Oxenden contributed Latin verses to the collections of poems by members of Cambridge University on (1) the marriage of the Princess Anne, 1683; (2) the death of Charles and the accession of James, 1684-5; (3) the birth of the prince, 1688; (4) the accession of William and Mary, 1689; (5) the death of Queen Mary, 1694-5; (6) the death of the Duke of Gloucester, 1700; (7) the death of William and the accession of Anne, 1702. His conduct in the proceedings against Watson, the bishop of St. Davids, was censured in the address to the reader, prefixed to 'A large Review of the summary View of the Articles against the Bishop of St. Davids,' which is usually attributed to Robert Ferguson (d. 1714) [q. v.], and further disclosures were promised in a later tract. The reader was specially requested to compare Oxenden's lines in the Cambridge poems on the birth of the prince with his subsequent remarks on him and King James, who had previously forgiven and preferred him. Oxenden advised Tillotson, archbishop of Canterbury, on the legal points arising out of Burnet's consecration as Bishop of Salisbury (Birch, Life of Tillotson, p. 331).
Oxenden died at Doctors' Commons on 20 or 21 Feb. 1702-3, and was buried with his ancestors at Wingham, in a vault under the south or Dene chancel. He gave 40l. for the purchase of books for the library at Trinity Hall, and intended to have founded a scholarship for a Kentish clergyman's son, but died before the matter was settled. His widow, however, left 150l. for an additional scholarship of the same kind. His wife Elizabeth, daughter of Sir Basil Dixwell of Broome, Kent, was one of the maids of honour to Queen Mary, and died at Bath on 18 Sept. 1704. Their eldest son, Henry (d. 1720), and his next brother, George, both succeeded to the family baronetcy.
Sir George Oxenden (1694-1775), an 'extremely handsome' man, married the eldest daughter and coheiress of Edmund Dunch [q. v.], and was notorious for his profligacy. He seduced his sister-in-law, Bell Dunch, wife of Mr. Thompson, and was thought to be the father of the third Earl of Orford. Sir George represented in parliament for many years the borough of Sandwich in Kent, and was in turn a lord of the admiralty and of the treasury. His character and his gallantries are painted in Lord Hervey's 'Memoirs' (ii. 346), Lady Mary Wortley Montagu's 'Works' (ii. 196, iii. 409), and Horace Walpole's 'Letters' (ed. Cunningham, i. 342, vii. 434). A half-length portrait of him was at Kimbolton Castle, the seat of the Duke of Manchester. He died at Dene in January 1775.

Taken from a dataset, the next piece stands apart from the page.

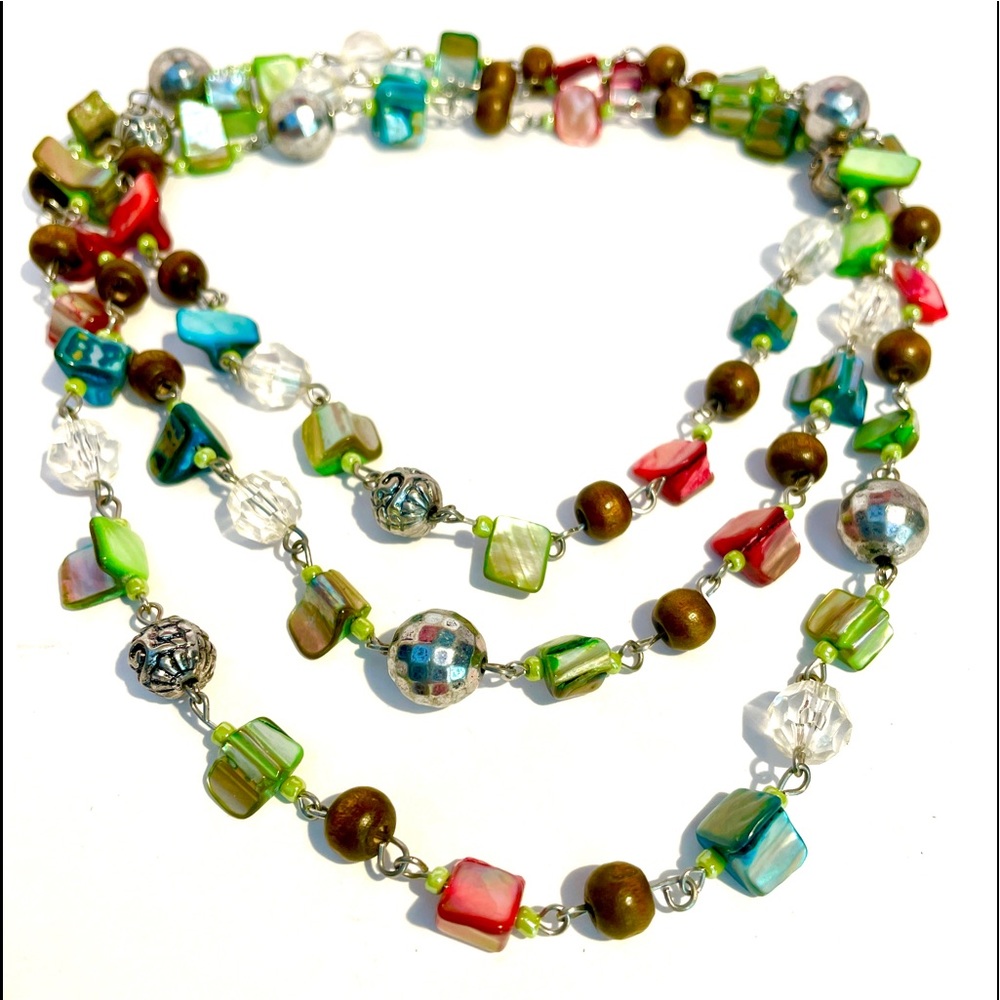 Beaded boho necklace Nordstrom’s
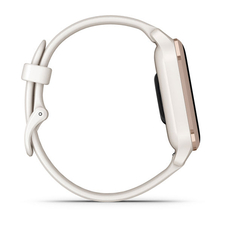 Hodinky Garmin Venu® Sq 2 Music Edition, Peach Gold / Ivory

[Hasted's Kent, iii. 695; Archæologia Cantiana, vi. 277; Coote's Civilians, p. 101; Le Neve's Fasti, iii. 608, 650, 657, 680; Berry's Kent Genealogies; Betham's Baronetage, iii. 30-31; Foster's Alumni Oxon.; Wood's Athenæ Oxon. ii. 337; Newcourt's Repertorium Eccl. Lond. i. 446; information from Mr. C. E. S. Headlam of Trinity Hall.]
OXENDEN or OXINDEN, HENRY (1609–1670), poet, eldest son of Richard Oxinden (1588–1629), of Little Maydekin in Barham, Kent, by Katherine, daughter of Sir Adam Sprakeling of Canterbury, was born in the parish of St. Paul's, Canterbury, on 18 Jan. 1609. Sir Henry Oxinden (d. 1620) of Dene in Wingham, in the same county, was his grandfather (Denton Register; cf. Gent. Mag. 1796, i. 466); and Sir Henry Oxenden (d. 1686), who was M.P. for Sandwich in 1660, and who was created a baronet on 8 May 1678, and Sir George Oxenden [q. v.], governor of Bombay, were his first cousins (see Hasted, Kent, iii. 696). He matriculated from Corpus Christi College, Oxford, on 10 Nov. 1626, and graduated B.A. 1 April 1627. He was appointed rector of Radnage in Buckinghamshire in 1663, and held that benefice until his death in June 1670. He was buried on 17 June at Denton in Kent. He married, first, on 28 Dec. 1632, Anne (d. 1640), daughter of Sir Samuel Peyton, by whom he had a son Thomas, baptised on 27 Feb. 1633; secondly, on 15 Sept. 1642, Katherine (d. 1698), daughter of James Cullen, by whom he left no male issue.